> Instructions for the task: Exactly as they appear below, repeat the lines from the one with "2019 AUDI A5" through the one with "Gentle Activation Cacao", and no others.

> Information shown:
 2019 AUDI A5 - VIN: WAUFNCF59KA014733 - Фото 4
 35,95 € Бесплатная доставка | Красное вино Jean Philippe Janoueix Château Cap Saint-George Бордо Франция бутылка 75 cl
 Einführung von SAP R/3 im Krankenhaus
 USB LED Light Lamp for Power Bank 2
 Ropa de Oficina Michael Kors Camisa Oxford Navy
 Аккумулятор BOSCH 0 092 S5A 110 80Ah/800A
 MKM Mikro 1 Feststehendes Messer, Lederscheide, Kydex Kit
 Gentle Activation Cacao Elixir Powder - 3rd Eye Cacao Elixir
...
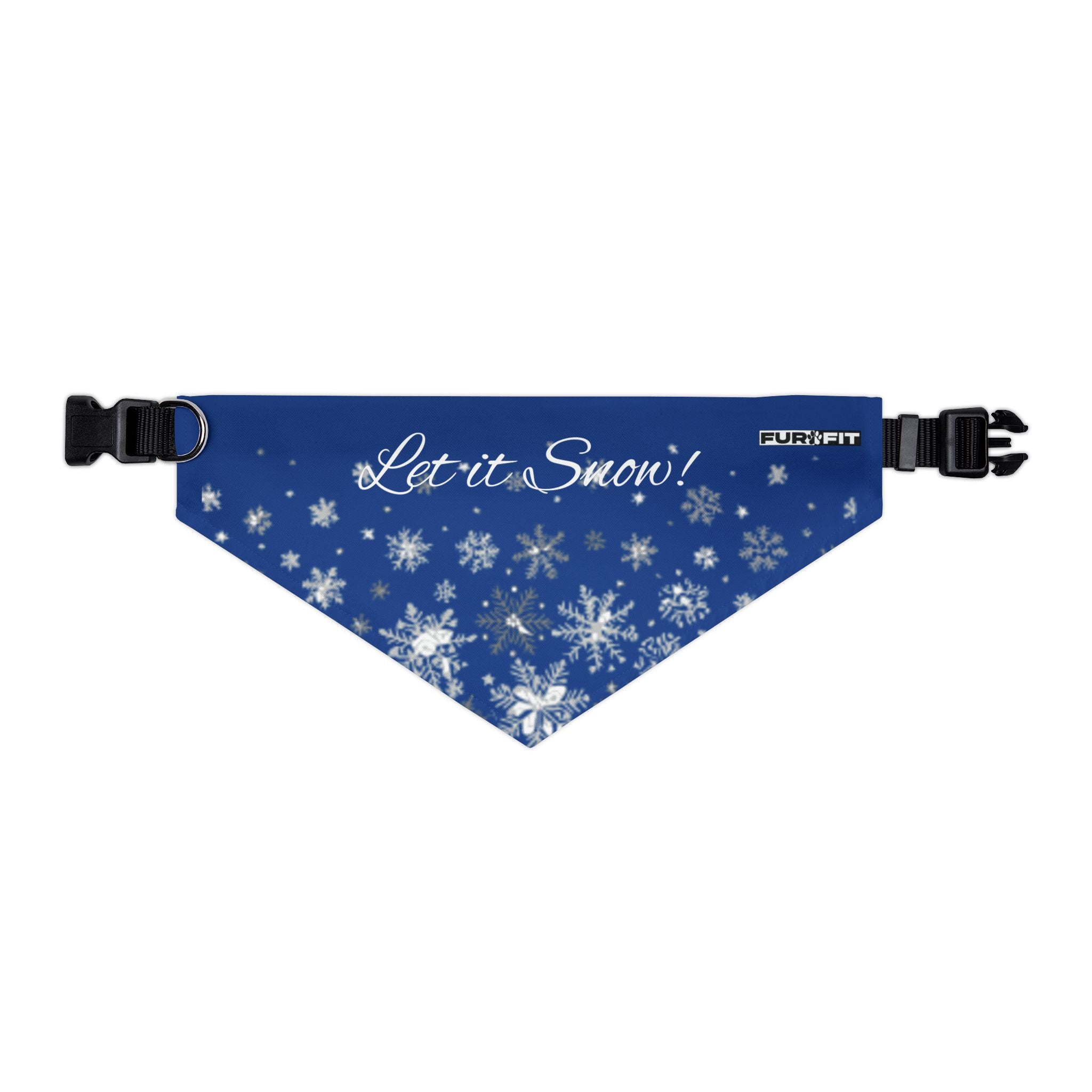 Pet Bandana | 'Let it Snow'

> Written solution:
 2019 AUDI A5 - VIN: WAUFNCF59KA014733 - Фото 4
 35,95 € Бесплатная доставка | Красное вино Jean Philippe Janoueix Château Cap Saint-George Бордо Франция бутылка 75 cl
 Einführung von SAP R/3 im Krankenhaus
 USB LED Light Lamp for Power Bank 2
 Ropa de Oficina Michael Kors Camisa Oxford Navy
 Аккумулятор BOSCH 0 092 S5A 110 80Ah/800A
 MKM Mikro 1 Feststehendes Messer, Lederscheide, Kydex Kit
 Gentle Activation Cacao Elixir Powder - 3rd Eye Cacao Elixir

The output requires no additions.